Replacing ARQ with a Unified Redis Streams Worker: Why We Simplified Our Distributed Task System
The ARQ Experiment That Grew Too Big
A year ago, we chose ARQ to power our distributed scraping and crawling workloads. It promised async task execution, retry logic, and clean separation between producers and workers—all things we needed as the Vultr Scraper and Crawler scaled. At first, it worked well: tasks got enqueued, workers picked them up, and we could scale horizontally by spinning up more containers.
But over time, the complexity snowballed. We were running multiple ARQ worker processes, each tied to specific queue types (scraping, parsing, validation), with separate configs, logging setups, and Docker images. Debugging failed jobs became a forensic exercise—intermittent timeouts, silent disconnects, and unclear shutdown behavior made it hard to trust the system during deploys or spikes.
Worst of all, ARQ’s reliance on async event loops introduced subtle issues under high load. Memory leaks crept in. Worker restarts didn’t always drain gracefully. And because ARQ abstracted away the Redis interface, we had limited visibility into what was actually happening on the wire. We traded simplicity for "smart" features—and started paying the price in uptime and developer sanity.
Rolling Our Own: A Bare-Metal Redis Streams Worker
Enough was enough. We decided to strip it all back.
Instead of leaning on ARQ’s abstraction, we built a unified Python worker that polls Redis Streams directly using XREADGROUP. No async frameworks. No extra dependencies. Just a tight loop, a connection pool, and a few hundred lines of readable code.
The new worker is distro-agnostic, runs anywhere Python does, and targets specific queues via an environment variable: TARGET_QUEUES=scraper,validator. This lets us deploy the same binary across roles—just change the config. Need a scraper-only node? Set the env var. Want to run everything on a beefy box? Remove the filter.
Here’s the core polling loop:
while running:
response = redis_client.xreadgroup(
group_name=GROUP,
consumer_name=CONSUMER,
streams={queue: '>'},
count=1,
block=5000
)
if not response:
continue
stream, messages = response[0]
for msg_id, fields in messages:
handle_message(stream, fields)
redis_client.xack(stream, GROUP, msg_id)
Simple. Predictable. Debuggable.
We also added selective backoffs, SIGTERM handling, and a clean shutdown sequence that logs exactly how many in-flight messages were processed before exit. No more guessing if a deploy left tasks hanging.
Gains: Less Code, More Control
The refactor wasn’t just about ideology—it had real operational impact.
First, we deleted over 6,000 lines of code. Gone are the ARQ configs, custom serializers, async wrappers, and dependency-heavy Docker images. The new worker is lean, fast to build, and easy to audit.
Second, observability shot up. We integrated psutil to report memory usage, CPU load, and event loop lag every few seconds. When a worker starts crawling, we see it immediately in the logs—not through a metrics dashboard, but right in the stdout stream alongside task traces.
mem = psutil.virtual_memory()
logger.info(f"Memory usage: {mem.percent}% | Available: {mem.available / 1024**3:.1f} GB")
This might seem trivial, but in a fleet of 50+ workers, spotting a memory creep early saves hours of firefighting.
Third, shutdowns are now graceful and transparent. On SIGTERM, the worker stops polling, finishes current tasks, and logs a summary:
[SHUTDOWN] Signal received. Draining...
[SHUTDOWN] Processed 3 in-flight messages.
[SHUTDOWN] Unregistered from scheduler. Exiting.
No more orphaned jobs. No more "zombie" workers in Redis.
Simplicity as a Feature
This wasn’t a rewrite for the sake of it. It was a deliberate move away from abstraction overload toward something we can understand, debug, and trust.

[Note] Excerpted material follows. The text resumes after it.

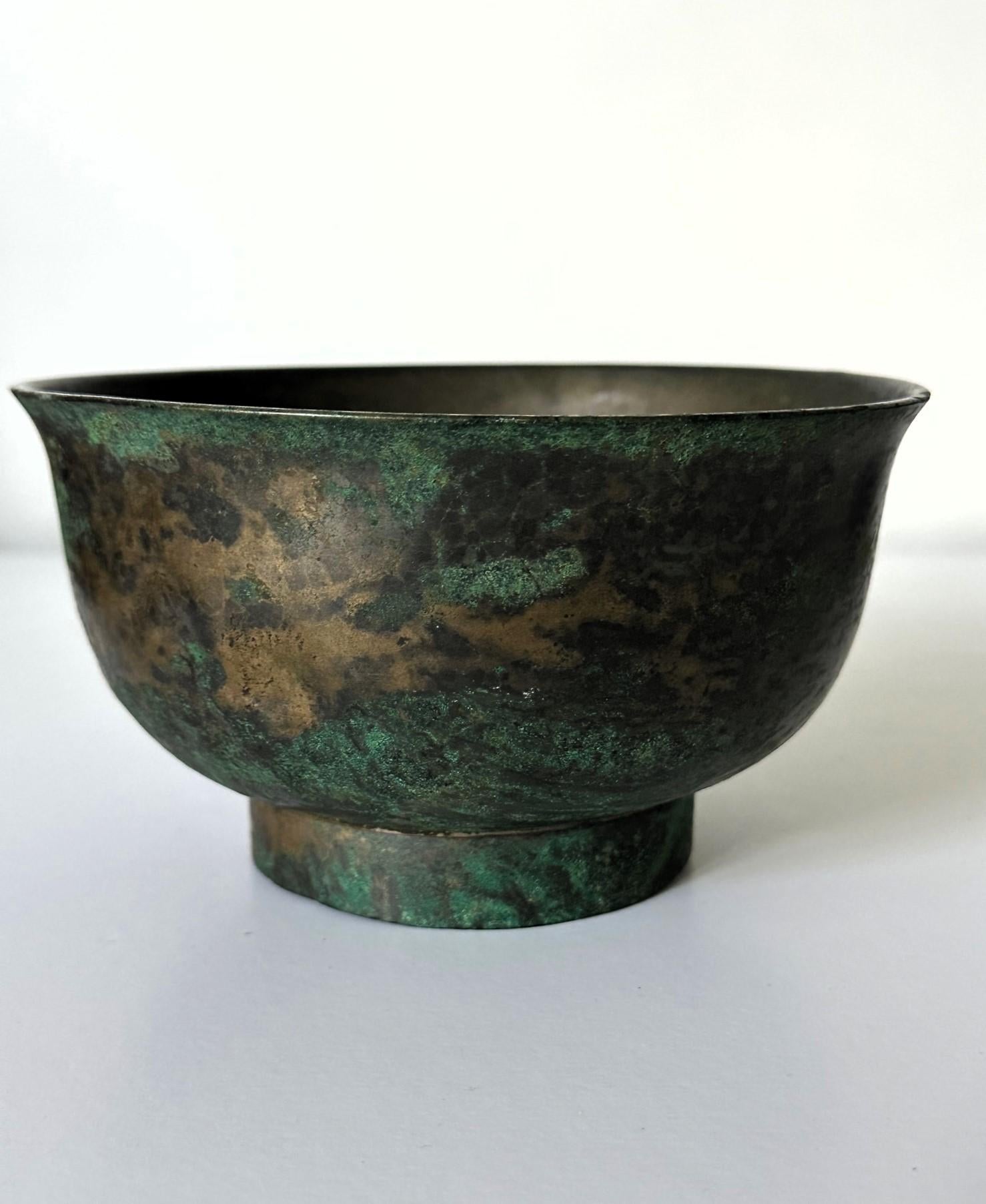 18th Century and Earlier Collection of Three Korean Antique Bronze Bowls For Sale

Redis Streams already give us durability, ordering, and consumer groups. ARQ added value early on, but as our needs stabilized, it became more liability than leverage.
By going bare-metal, we regained control. The system is easier to teach, faster to deploy, and more reliable under pressure. And when something breaks? We can fix it in minutes, not hours.
Sometimes, the best upgrade isn’t a fancier tool—it’s removing one.